**WORK REQUIRED:** Can you transcribe the data exactly? Leave the pictures out.

**DATA SECTION:**
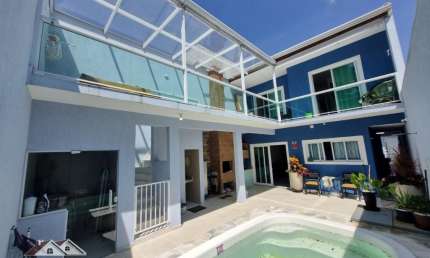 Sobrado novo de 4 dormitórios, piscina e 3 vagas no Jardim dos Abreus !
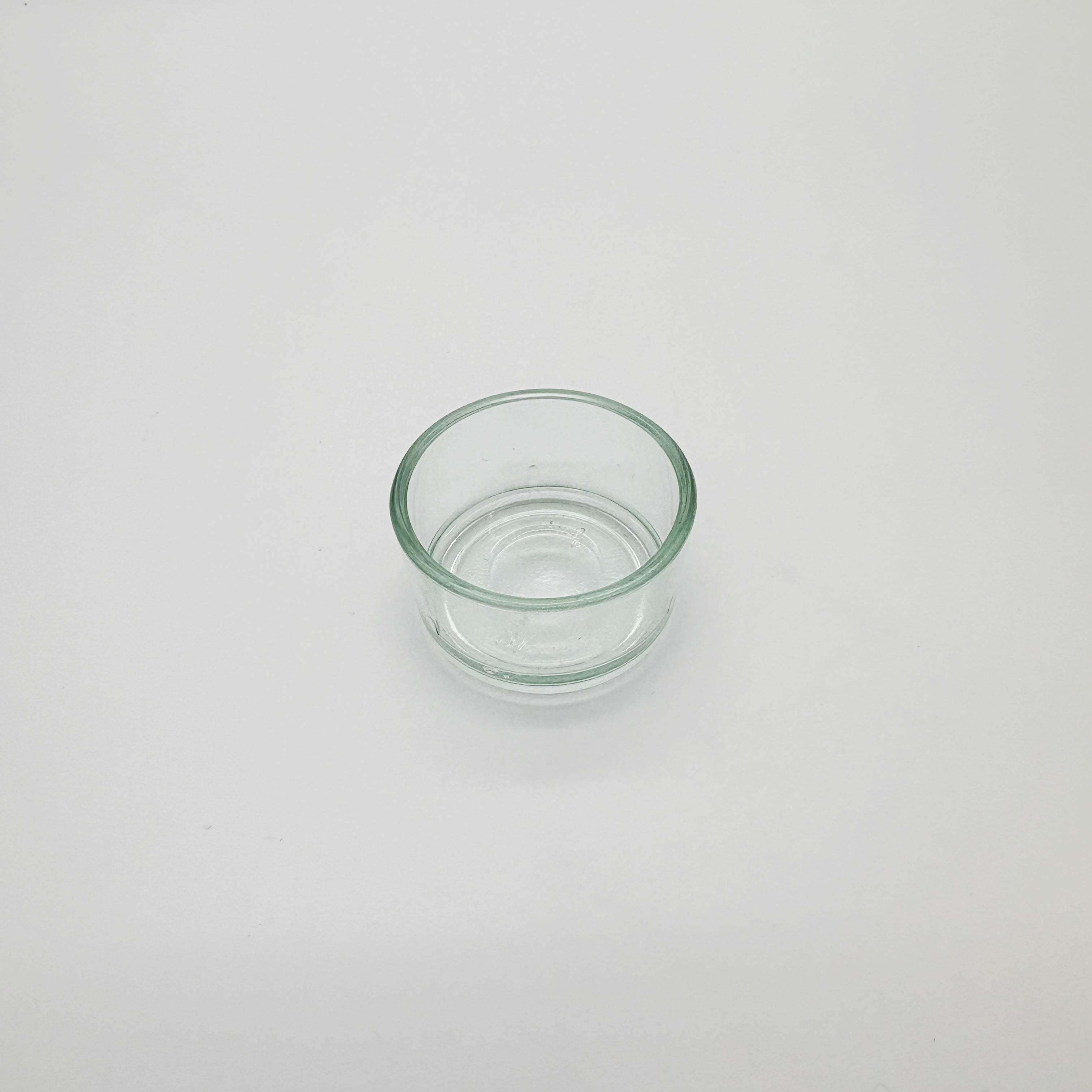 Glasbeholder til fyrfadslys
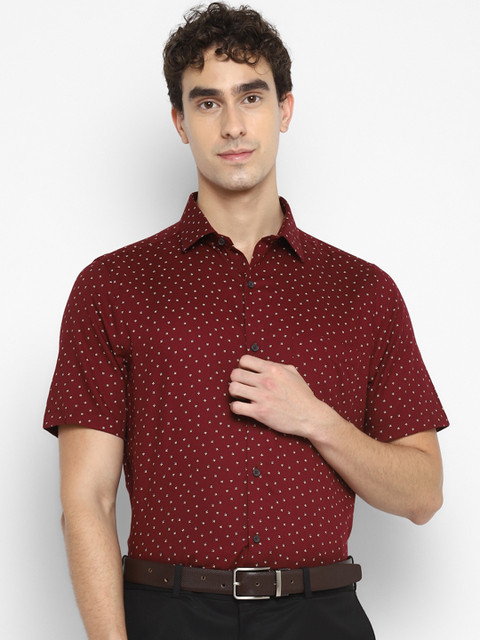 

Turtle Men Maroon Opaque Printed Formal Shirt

**RESULT OF THIS EXERCISE:**
 Sobrado novo de 4 dormitórios, piscina e 3 vagas no Jardim dos Abreus !
 Glasbeholder til fyrfadslys

Turtle Men Maroon Opaque Printed Formal Shirt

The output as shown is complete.